Malgré la nécessité d’affiner encore le travail d’orfèvre mené par la Ruche, le projet du FIDADOC est, à terme, d’organiser un marché documentaire couvrant toute la zone MENA (Moyen-Orient et Afrique du Nord) et l’Afrique de l’Ouest : » Il faudrait organiser des rencontres de coproduction sur le modèle de Saint-Louis qui seraient consacrés à des projets du Maghreb et des pays d’Afrique subsaharienne limitrophes, explique Hicham Falah. Aujourd’hui, pour les Américains ou les Européens, ce qui se passe au Maroc ou en Irak est à peu près la même chose. Dans la zone MENA, il y a différents pôles de création et de production qui sont principalement le Maghreb, l’Égypte, le Liban et la Palestine. L’idée serait de parvenir à proposer les projets les plus intéressants de toute cette région-là« .

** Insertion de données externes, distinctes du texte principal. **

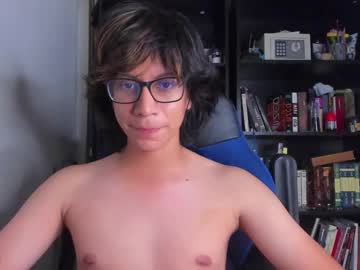 Literateboy January 20, 2026 Chaturbate stream image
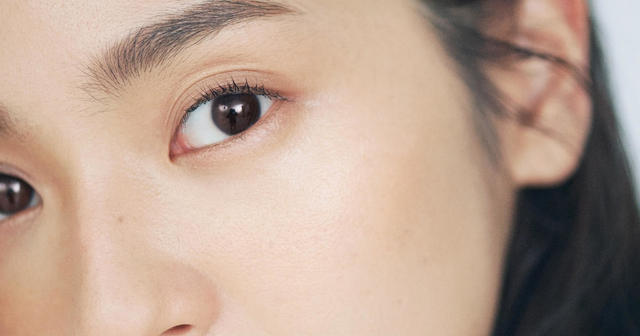 中村アンのつくり方 スキンケアで目指すのは 飾らない素肌 Antenna アンテナ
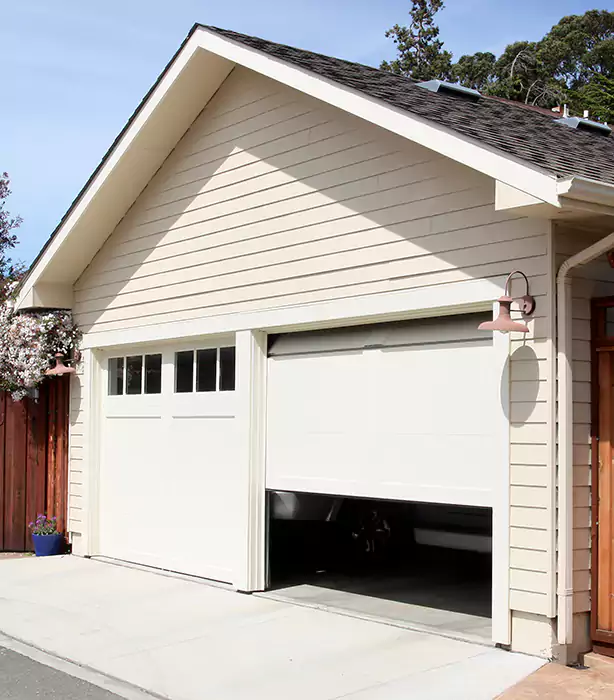 Overhead Door Replacement El Portal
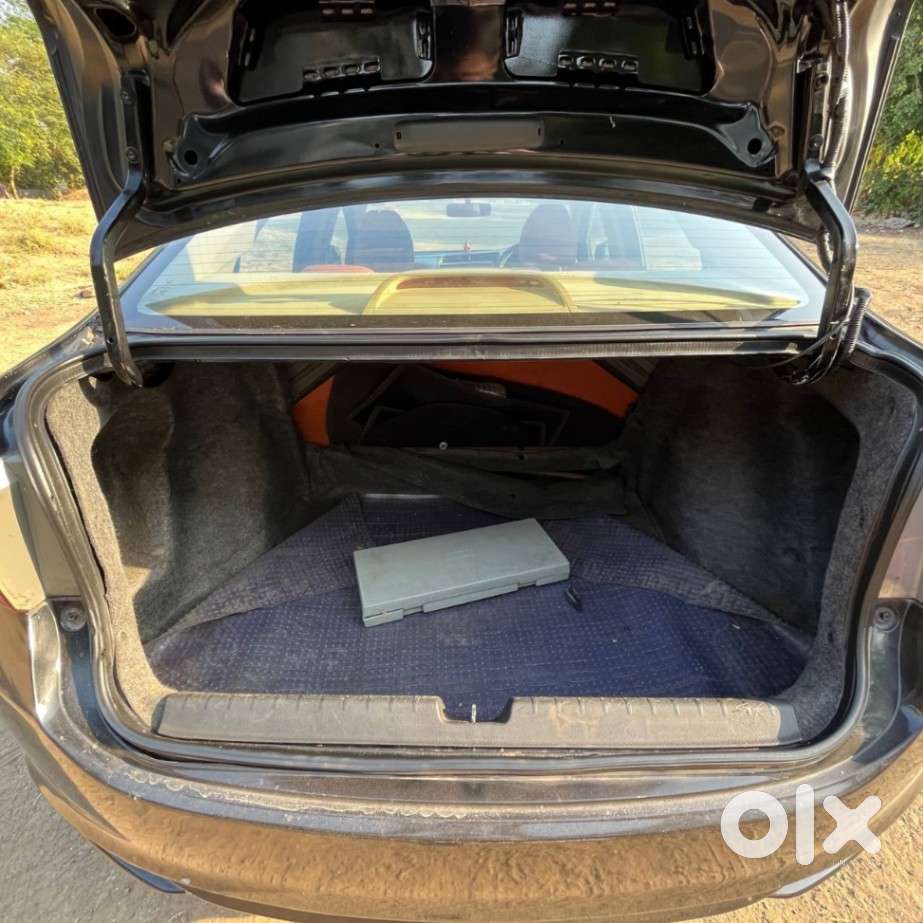 Honda City 2014-2015 I Dtec Vx, 2014, Diesel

Avec peu de réalisateurs marocains de documentaires visibles à l’international (Ali Essafi, Mohamed El Ahoudi, Dalila Ennadre, Izza Genini, Karima Zoubir, Hakim Belabbès), le développement de MENADOC arrive peut-être un peu trop tôt dans le processus de dynamisation du secteur documentaire marocain : » C’est peut-être une trop grosse ambition pour le moment, témoigne Reda Benjelloun. Ce serait une chose formidable non seulement pour le cinéma documentaire marocain mais aussi pour celui de toute la région. Mais je pense que c’est prématuré. Pour parvenir à ramener ici des chaînes et des producteurs privés qui reviendront parce qu’ils trouvent de très bons projets, nous devons faire nos preuves à l’international. Il faut que dans les grands rendez-vous du documentaire internationaux, on repère une production marocaine, tunisienne ou sénégalaise et que l’on se dise : « Waouh, ça bouge chez eux, il y a peut-être quelque chose à faire avec ces gens-là »…« .

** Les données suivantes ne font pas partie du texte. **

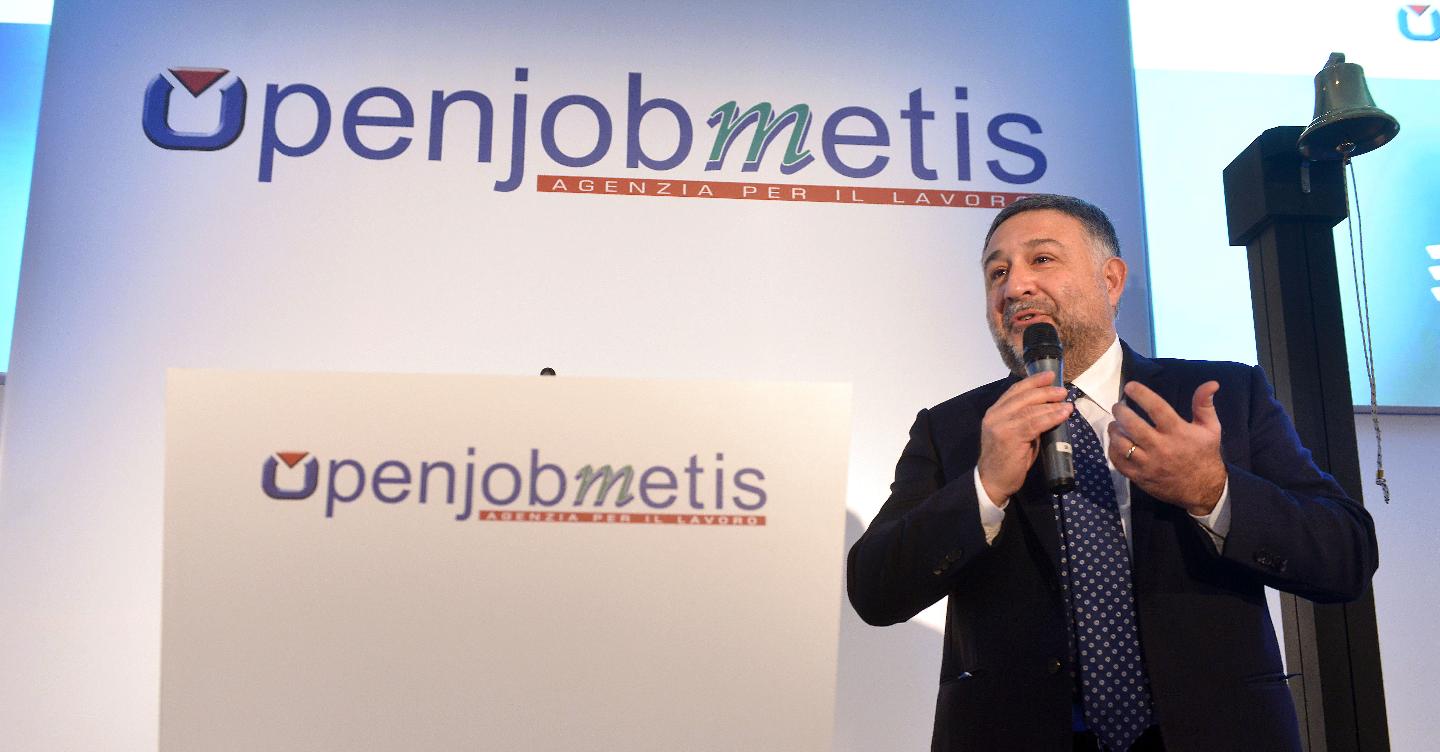 Openjobmetis cresce ancora e rileva Just on Business Il Sole 24 ORE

Alors, en attendant la renommée internationale de cinéastes marocains et de la sous-région, Hicham Falah demeure optimiste : » Quand ce que nous essayons de faire à Agadir pour le Maghreb et ce qui est en train de se faire avec Docudays et Screen Institute de Beyrouth au Liban – qui intègre des projets de tout le Proche-Orient – seront mûrs, nous ferons du FIDADOC un lieu professionnel de vente, d’achat et de présentation de films documentaires commun à toute la région pour le grand marché international » . De quoi peut-être convaincre le Centre cinématographique du Maroc (CCM) de soutenir le premier festival de documentaires du pays puisque pour la première fois cette année, le directeur général Sarim Fassi-Fihri a fait le déplacement à Agadir.
Claire Diao, à Agadir
Les projets de la Ruche sélectionnés pour la Résidence d’écriture 2015 sont :
Dar Bricha d’Aziz OUMOUSSA et Houssaine DAHROUCH (Tétouan
Kamelia de Celia BCHIR (Marrakech)
Ainsi soit tombés d’Adnane BARAKA (Marrakech)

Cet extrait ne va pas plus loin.